Figure 1: Verticillium dahliae inoculum in a concentrated (left) and a diluted suspension (middle)
For this blending process a concrete blender was used (Figure 2) as an efficient method to reach a homogeneous mixture. Other soil borne diseases such as Pectobacterium carotovorum were inoculated onto the tuber two days before the planting. Airborne diseases like Alternaria solani were inoculated during the growing season as the infection period was significantly shorter compared to that of soil borne diseases.
Figure 2: practical setup for the inoculum preparation
After blending the soil, the potatoes were planted by hand in previously drilled holes (Figure 3). These holes allowed the precise application of infected soil around the potatoes tuber, which is necessary to control the concentration of pathogens.
Figure 3: Drilled holes allow the precise application of infected soil around the potato tuber
After the planting the measurement campaign begins where we collect hyperspectral data by different types of sensors to create an extensive dataset for disease detection.

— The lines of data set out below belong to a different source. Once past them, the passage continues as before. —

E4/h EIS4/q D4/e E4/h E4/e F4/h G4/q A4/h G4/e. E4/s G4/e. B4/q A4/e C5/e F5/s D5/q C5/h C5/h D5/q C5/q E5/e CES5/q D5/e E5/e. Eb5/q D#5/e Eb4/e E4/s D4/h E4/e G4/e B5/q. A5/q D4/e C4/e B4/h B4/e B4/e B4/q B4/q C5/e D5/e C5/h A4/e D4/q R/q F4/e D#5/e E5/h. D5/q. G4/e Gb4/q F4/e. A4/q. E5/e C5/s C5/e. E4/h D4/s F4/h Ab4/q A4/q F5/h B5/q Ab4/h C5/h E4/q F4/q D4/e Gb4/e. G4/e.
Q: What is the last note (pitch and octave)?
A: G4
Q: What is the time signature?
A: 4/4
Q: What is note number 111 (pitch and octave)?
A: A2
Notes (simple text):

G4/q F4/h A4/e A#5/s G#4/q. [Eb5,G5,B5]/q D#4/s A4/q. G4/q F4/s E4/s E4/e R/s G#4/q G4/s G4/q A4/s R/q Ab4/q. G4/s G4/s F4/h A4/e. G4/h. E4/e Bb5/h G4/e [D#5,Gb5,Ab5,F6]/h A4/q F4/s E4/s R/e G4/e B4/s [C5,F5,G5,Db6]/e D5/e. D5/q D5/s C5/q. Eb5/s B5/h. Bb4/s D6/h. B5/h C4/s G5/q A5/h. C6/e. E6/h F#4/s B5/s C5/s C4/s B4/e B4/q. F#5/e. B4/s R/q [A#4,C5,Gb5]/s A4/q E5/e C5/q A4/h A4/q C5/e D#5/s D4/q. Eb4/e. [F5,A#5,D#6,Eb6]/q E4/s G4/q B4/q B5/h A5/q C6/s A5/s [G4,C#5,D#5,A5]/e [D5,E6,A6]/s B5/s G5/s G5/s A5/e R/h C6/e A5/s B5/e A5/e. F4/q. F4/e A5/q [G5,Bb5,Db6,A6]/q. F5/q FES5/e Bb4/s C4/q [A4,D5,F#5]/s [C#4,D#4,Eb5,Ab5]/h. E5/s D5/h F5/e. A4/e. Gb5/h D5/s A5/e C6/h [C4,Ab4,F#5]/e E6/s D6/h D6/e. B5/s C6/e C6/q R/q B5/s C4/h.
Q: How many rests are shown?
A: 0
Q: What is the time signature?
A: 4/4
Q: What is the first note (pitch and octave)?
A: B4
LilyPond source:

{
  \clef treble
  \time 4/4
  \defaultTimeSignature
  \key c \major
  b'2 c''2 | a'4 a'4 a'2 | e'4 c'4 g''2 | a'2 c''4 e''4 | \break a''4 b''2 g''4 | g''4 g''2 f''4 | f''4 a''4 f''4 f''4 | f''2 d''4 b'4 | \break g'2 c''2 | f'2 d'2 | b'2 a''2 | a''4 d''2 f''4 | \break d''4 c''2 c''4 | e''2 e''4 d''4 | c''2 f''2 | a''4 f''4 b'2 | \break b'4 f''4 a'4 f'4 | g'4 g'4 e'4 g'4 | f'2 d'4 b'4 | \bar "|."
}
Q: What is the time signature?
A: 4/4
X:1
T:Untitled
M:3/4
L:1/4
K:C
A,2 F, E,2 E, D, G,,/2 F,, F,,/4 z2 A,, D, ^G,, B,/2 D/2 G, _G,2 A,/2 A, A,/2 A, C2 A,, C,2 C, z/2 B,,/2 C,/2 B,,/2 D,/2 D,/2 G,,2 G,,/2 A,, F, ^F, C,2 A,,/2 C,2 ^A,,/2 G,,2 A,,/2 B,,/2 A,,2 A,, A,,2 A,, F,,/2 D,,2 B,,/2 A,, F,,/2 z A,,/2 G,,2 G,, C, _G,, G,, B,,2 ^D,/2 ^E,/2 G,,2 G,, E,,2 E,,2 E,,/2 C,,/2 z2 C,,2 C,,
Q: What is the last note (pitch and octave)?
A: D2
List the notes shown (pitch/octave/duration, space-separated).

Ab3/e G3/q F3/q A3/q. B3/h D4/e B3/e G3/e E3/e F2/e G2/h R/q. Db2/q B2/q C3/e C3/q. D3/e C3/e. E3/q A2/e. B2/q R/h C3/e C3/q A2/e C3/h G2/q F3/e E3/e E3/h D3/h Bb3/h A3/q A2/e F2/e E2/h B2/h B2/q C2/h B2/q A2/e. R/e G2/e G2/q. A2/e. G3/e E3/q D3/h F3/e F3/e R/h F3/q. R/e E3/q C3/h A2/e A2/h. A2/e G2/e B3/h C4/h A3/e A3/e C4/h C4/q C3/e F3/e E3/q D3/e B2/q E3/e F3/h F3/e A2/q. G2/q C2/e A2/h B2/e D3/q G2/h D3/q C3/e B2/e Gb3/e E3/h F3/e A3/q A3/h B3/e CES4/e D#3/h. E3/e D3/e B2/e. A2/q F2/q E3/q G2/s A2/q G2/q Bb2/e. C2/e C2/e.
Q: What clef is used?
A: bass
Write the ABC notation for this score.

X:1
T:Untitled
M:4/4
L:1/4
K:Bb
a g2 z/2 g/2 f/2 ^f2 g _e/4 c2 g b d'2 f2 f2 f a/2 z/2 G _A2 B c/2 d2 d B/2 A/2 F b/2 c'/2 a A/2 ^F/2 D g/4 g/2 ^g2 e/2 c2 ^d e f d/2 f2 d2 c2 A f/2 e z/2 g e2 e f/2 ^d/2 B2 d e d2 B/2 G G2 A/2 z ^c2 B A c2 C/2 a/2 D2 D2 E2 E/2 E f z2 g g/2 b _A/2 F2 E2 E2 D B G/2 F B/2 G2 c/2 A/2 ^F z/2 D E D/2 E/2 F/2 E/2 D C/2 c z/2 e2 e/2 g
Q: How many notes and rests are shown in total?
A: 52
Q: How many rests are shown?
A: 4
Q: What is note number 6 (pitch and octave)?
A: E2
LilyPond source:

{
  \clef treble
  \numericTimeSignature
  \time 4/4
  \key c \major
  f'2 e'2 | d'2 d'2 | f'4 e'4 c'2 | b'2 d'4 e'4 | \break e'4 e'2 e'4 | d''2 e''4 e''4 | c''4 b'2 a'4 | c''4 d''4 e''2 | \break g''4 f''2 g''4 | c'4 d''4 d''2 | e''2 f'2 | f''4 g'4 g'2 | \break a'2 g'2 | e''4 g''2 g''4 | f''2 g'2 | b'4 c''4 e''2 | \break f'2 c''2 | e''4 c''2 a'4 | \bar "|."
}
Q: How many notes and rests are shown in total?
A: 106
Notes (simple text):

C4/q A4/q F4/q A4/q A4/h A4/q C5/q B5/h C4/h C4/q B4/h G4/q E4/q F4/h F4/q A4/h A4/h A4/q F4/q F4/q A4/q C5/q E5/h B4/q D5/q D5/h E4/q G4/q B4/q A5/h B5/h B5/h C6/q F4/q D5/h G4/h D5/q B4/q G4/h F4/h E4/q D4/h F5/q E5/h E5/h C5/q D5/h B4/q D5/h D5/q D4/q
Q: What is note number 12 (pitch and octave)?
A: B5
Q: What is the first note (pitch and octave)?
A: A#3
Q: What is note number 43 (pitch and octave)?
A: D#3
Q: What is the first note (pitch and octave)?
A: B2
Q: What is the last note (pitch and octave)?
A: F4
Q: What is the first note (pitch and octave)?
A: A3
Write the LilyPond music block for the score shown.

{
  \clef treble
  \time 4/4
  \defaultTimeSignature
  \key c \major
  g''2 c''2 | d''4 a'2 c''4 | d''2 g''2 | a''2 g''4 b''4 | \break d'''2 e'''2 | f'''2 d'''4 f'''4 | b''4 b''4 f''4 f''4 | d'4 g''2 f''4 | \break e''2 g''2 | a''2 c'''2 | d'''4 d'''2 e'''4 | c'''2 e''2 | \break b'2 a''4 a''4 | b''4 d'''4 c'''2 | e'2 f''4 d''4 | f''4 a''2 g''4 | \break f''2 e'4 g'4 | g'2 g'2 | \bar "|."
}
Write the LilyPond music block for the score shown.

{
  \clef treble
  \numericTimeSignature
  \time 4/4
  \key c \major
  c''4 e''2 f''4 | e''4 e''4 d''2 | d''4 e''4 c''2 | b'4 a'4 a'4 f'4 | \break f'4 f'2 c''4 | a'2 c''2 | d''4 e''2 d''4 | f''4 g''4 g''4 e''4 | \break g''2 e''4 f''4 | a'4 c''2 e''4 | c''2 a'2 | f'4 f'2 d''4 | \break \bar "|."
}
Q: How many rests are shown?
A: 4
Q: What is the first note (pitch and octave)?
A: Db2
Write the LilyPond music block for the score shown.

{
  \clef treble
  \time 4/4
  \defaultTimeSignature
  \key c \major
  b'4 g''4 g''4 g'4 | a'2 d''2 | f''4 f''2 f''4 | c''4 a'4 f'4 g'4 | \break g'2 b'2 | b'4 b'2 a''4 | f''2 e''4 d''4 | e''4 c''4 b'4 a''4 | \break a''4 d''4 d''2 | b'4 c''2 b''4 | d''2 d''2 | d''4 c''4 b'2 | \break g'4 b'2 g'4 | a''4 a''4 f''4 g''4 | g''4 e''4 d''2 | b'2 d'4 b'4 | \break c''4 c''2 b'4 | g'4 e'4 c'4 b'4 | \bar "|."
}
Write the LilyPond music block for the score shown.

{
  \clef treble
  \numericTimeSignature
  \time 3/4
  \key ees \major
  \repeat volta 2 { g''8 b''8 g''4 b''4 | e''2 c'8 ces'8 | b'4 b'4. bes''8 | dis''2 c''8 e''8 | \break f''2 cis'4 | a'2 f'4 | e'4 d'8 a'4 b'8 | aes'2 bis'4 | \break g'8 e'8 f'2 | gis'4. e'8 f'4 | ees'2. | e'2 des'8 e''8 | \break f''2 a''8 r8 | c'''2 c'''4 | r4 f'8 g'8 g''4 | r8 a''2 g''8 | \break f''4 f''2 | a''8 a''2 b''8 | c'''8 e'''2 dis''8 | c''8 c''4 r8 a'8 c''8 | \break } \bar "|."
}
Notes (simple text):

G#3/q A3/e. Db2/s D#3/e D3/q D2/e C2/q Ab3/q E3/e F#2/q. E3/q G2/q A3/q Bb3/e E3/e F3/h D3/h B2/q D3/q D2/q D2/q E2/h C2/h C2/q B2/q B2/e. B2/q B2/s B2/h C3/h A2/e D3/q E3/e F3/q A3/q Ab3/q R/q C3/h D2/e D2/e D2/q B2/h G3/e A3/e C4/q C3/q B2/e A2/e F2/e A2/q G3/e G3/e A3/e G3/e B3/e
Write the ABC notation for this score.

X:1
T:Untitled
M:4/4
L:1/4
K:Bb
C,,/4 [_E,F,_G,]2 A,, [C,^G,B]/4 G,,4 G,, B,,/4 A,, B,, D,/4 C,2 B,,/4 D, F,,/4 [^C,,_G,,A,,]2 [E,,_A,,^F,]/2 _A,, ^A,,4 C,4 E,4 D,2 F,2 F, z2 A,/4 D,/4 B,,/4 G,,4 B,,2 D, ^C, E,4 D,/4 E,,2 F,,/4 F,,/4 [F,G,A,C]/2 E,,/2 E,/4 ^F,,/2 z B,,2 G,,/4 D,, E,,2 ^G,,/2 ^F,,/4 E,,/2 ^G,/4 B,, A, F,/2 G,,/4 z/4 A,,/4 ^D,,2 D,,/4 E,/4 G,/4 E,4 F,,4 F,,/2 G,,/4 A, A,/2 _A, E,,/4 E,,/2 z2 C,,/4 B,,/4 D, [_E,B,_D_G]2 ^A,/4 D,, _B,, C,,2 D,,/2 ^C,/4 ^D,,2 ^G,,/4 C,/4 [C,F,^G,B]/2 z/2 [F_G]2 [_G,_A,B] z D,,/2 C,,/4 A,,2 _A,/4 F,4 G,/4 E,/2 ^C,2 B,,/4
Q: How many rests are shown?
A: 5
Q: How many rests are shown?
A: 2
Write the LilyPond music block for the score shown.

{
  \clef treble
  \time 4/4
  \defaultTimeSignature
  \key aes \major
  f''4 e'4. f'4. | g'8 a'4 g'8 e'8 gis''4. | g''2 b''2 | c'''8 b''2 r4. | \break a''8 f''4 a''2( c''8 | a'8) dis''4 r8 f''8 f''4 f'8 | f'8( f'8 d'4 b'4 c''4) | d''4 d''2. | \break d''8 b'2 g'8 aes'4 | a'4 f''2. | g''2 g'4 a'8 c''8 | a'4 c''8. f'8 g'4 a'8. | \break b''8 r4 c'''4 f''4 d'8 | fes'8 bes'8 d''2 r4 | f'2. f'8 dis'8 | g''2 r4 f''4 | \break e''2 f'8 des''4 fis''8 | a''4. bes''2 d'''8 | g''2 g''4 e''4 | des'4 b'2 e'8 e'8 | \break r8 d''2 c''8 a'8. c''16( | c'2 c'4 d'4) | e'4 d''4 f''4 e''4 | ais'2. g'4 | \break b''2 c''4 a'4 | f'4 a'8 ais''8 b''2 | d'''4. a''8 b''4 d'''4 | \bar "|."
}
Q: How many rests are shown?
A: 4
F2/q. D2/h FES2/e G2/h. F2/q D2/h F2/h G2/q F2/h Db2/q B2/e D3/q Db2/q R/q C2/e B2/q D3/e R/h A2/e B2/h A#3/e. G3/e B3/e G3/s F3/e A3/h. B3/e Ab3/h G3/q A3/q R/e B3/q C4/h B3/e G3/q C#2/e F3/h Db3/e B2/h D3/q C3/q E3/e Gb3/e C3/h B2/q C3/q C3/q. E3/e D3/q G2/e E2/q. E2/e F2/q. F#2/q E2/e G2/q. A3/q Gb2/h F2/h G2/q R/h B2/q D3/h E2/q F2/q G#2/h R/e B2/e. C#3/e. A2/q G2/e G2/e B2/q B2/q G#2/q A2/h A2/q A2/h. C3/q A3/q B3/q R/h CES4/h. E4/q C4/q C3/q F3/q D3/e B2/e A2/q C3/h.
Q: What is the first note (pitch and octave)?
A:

COST meeting - Irene Borra-Serrano - update March 2017
Oral presentation at the 3rd general COST Meeting in Oeiras (Portugal) entitled: “Evaluation of persistency of forage grasses in a breeding context using UAV imagery”. This meeting summarized the current state of phenotyping in plants and facilitated the expansion of our network.
Earth Observation Day - Irene Borra-Serrano - update Dec 2016
Attendance to the Belgian Earth Observation Day 2016 on the 8th December 2016 in Saintes. Interesting day with many different topics that allowed us to know what other research groups are working on in Remote Sensing and establish contact for future collaborations.